Bitcoin‘s recent performance has attracted increased scrutiny, with David Duong, Head of Institutional Research at Coinbase, emphasizing that the cryptocurrency’s recovery could encounter significant obstacles ahead. Despite the brief optimism following the ceasefire between the U.S. and Iran, Duong pointed out ongoing uncertainties stemming from global energy markets and upcoming Federal Reserve actions.
What Are the Risks Following the Ceasefire?
The ceasefire has provided short-term relief, but vulnerabilities remain within the financial markets. The subsequent drop in oil prices from almost $117 to the low $90s brought temporary boosts to equities and risk assets, as Bitcoin climbed past $72,000 briefly.
According to Duong, while the ceasefire diminished immediate energy-related dangers, it failed to resolve deep-rooted tensions among the parties involved. The reluctance of major shipping companies to resume full operations in the Strait of Hormuz highlights ongoing security concerns, which continue to challenge the physical oil market.
Coinbase, known for its comprehensive institutional research, examined these factors in Duong’s report. He noted that unresolved conflict dynamics might still pose threats, affecting the sentiment of crypto markets.

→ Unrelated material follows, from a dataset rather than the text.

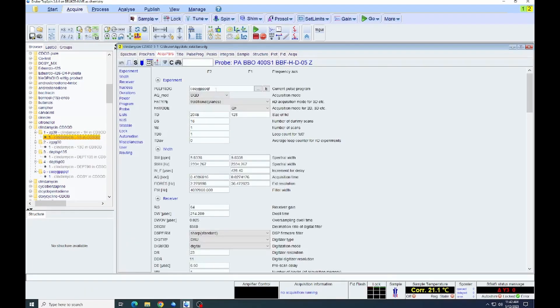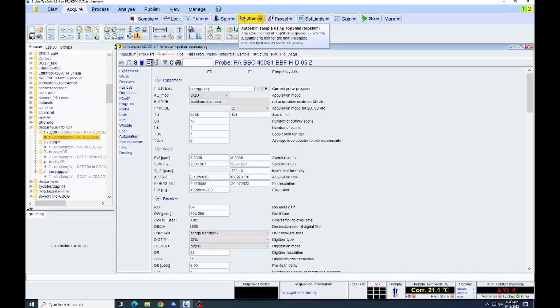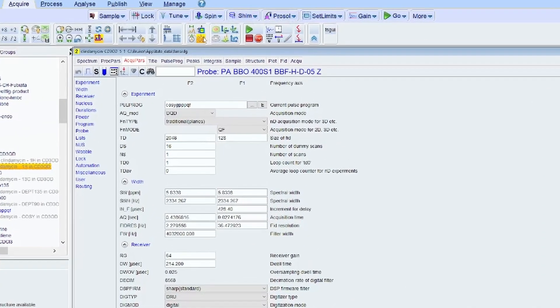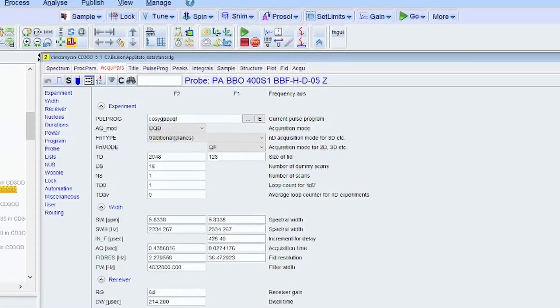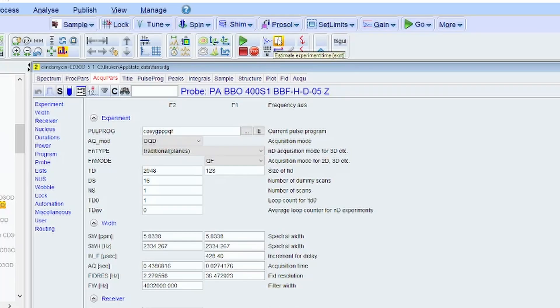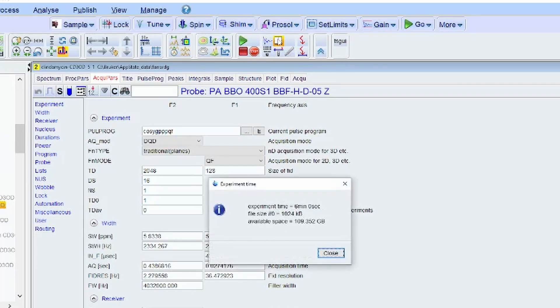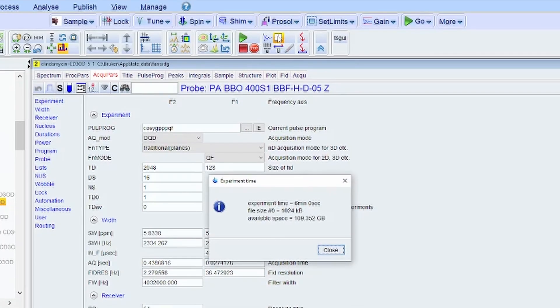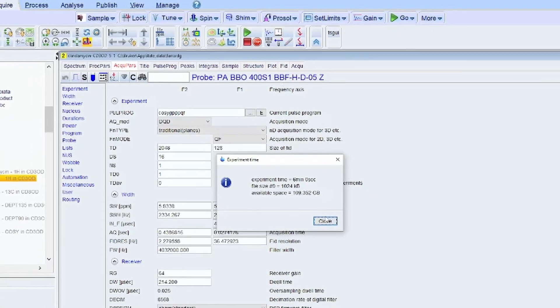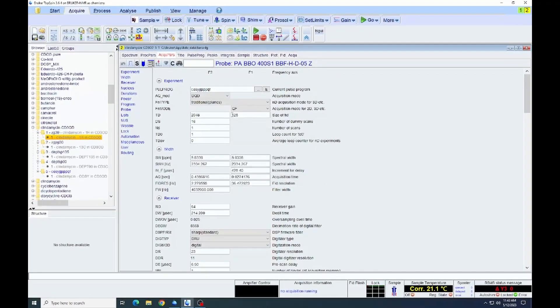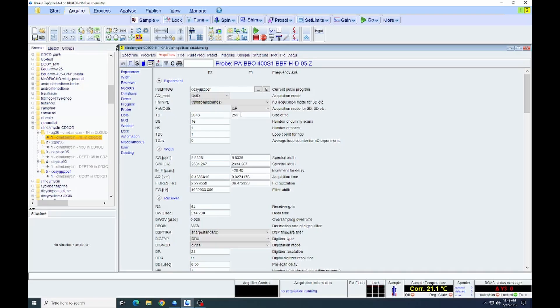So click on acquisition parameters. We can see the number of scans that it has set for the f1 and f2. We can estimate the time that it's going to take to acquire this spectrum by clicking on this clock icon here. When we do, it tells us the expected time for the experiment to run. If we think we have time, we can increase the number of increments, scans that we're doing in f1. This will give us an increase in resolution.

Duong described the ceasefire as “a genuinely constructive development” but cautioned that markets have not seen a full reversal of risk, with the physical oil market still showing signs of stress.
Could Fed Policy and Economic Data Affect Bitcoin?
March’s nonfarm payroll report, which recorded 178,000 new jobs, surpassed projections, reflecting resilience in the labor market. However, Duong pointed out that labor-force participation remained stable at 61.9%, and annual wage growth decelerated to 3.5%.
The complexity introduced by ongoing payroll revisions has made it challenging for investors to assess the genuine strength of economic recovery. Duong asserted that the Fed’s stance remains constrained due to inflationary pressures not being entirely mitigated, despite the reduction in acute oil risks.
Oil Price Movements: A Crucial Indicator for Crypto Market Trends
Oil price fluctuations now majorly influence both Federal Reserve policy and digital asset markets’ broader outlook. Duong highlighted the importance of oil for future Bitcoin trends, suggesting persistent oil market volatility could shape expectations on geopolitical issues and monetary policy dynamics.
Duong proposed a structured approach to monitoring market sentiment through oil price developments. At March’s end, unsuccessful attempts to breach $100 per barrel indicated a ceiling for crude oil; however, a subsequent rally to approximately $117 reflected renewed pressure potential due to persistent uncertainty.
- The U.S.-Iran ceasefire prompted Bitcoin’s ascent, which could be susceptible to oil price movements and Fed policies.
- David Duong of Coinbase emphasized the impact of unresolved geopolitical conflicts and existing monetary policies on risk assets.
- Tracking oil prices is now deemed vital for assessing Bitcoin’s short-term path and market sentiment.
Bitcoin’s trajectory remains under close watch as market participants evaluate external factors like oil prices and the Federal Reserve’s policy decisions. The ongoing assessment of geopolitical risks and economic indicators will likely shape Bitcoin’s fate in the near term.
Disclaimer: The information contained in this article does not constitute investment advice. Investors should be aware that cryptocurrencies carry high volatility and therefore risk, and should conduct their own research.